G (Children): The difficulties that courts face when the parties are unrepresented
|Lord Justice Thorpe|
"The outcome of this appeal ... depends largely on the lamentable history of conflict between the appellant and the respondent both in their relationship and in the ensuing litigation." So begins Lord Justice Thorpe in his leading judgment. That litigation includes two previous hearings in the Court of Appeal and one in the House of Lords: see CG v CW & Anor (Children)  EWCA Civ 372 and Re G  UKHL 43.
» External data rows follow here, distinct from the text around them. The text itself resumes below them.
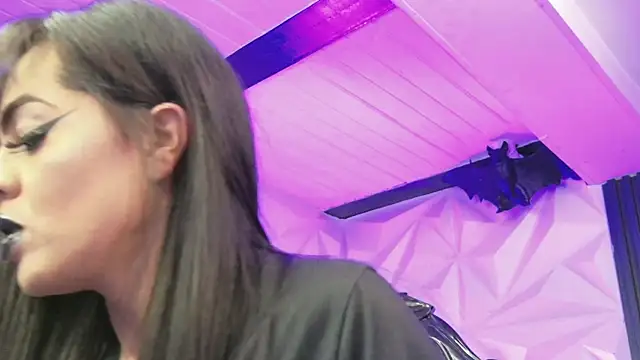 LilithMauve online show from May 5, 1:14 pm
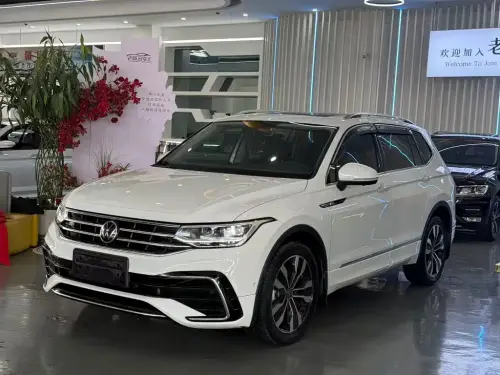 Volkswagen Tiguan, 2024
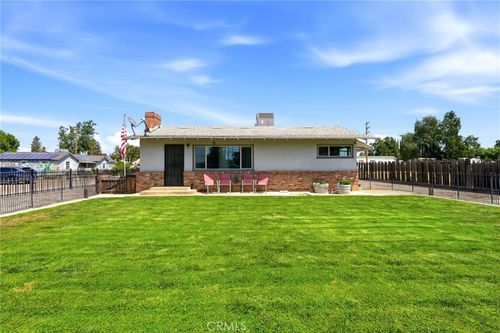 4007 W Myrtle Ave, Visalia, CA, 93277-1638 | Card Image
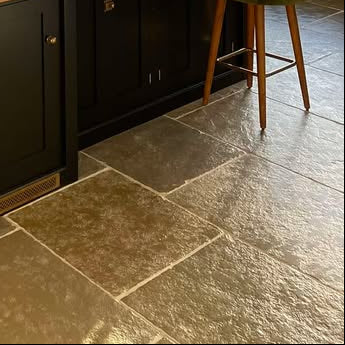 Farmland Tumbled Limestone Flagstone 40cmxRandom Length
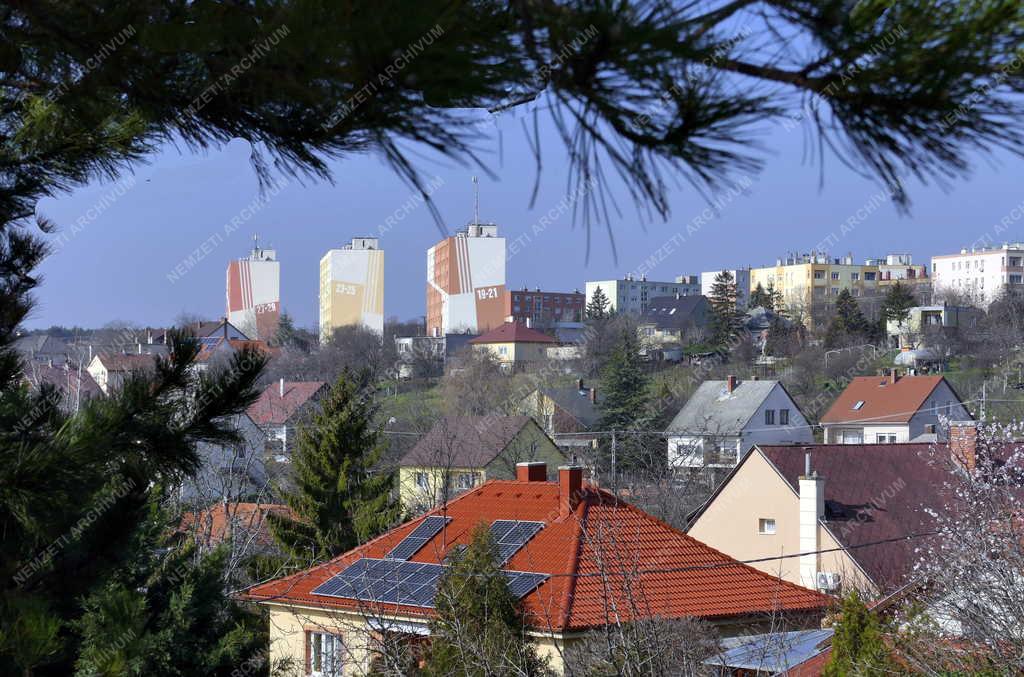 Városkép - Várpalota - Loncsos városrész és a Tési-domb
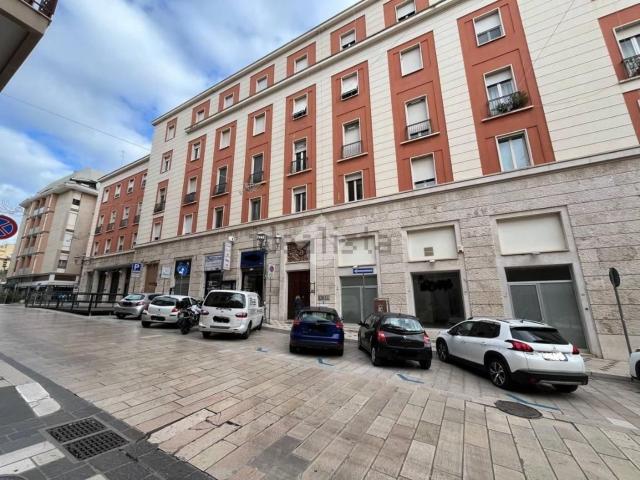 Appartamento in affitto di 100 m² in Via Santi, 8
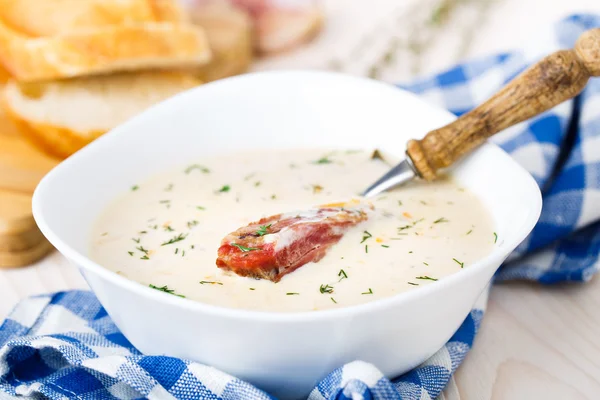 Soupe au fromage avec côtes fumées — Photo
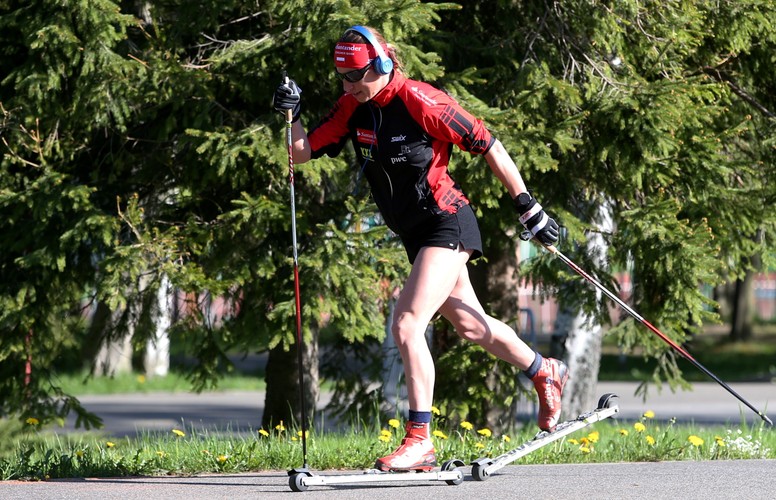 Żar leje się z nieba, a Justyna Kowalczyk wyciska siódme poty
The case involves a lesbian couple, CG and CW, who had two children (born to CG) by donor insemination: A, a girl born on the 2nd February 1999 and B, a girl born on the 25th June 2001. The relationship broke down in 2003 and CW commenced proceedings seeking shared residence and contact. Without going into the details of the subsequent litigation, a shared residence order was made and CW was to have contact. However, the arrangement broke down and CG sought to terminate contact. In December 2008 CW issued an application for residence and contact. The application was eventually heard in April this year, when the judge rejected CW's application, made a sole residence order in favour of CG, thereby depriving CW of parental responsibility, and made no specific order as to contact, thereby effectively terminating contact. CW appealed.
Lord Justice Thorpe set aside the variation of the shared residence order on the basis of procedural unfairness alone: there was no application for variation, CG had indicated in a statement that not only did she not seek a variation, she sought only the continuation of the status quo, the idea of a variation had only been raised three days before the trial by the guardian, and neither the guardian nor the judge seemed to consider CW's need for advice and protection as a litigant in person. "It is safe to assume," said Lord Justice Thorpe, "that, had she been represented, her counsel would have opposed the variation not only on grounds of substance but also on grounds of procedural unfairness." (He stated that, in cases where the parties are unrepresented, the children's guardian, as the only party with the benefit of legal advice and representation, "must also be vigilant to avoid procedural or other unfairness to one or other of the unrepresented parties.")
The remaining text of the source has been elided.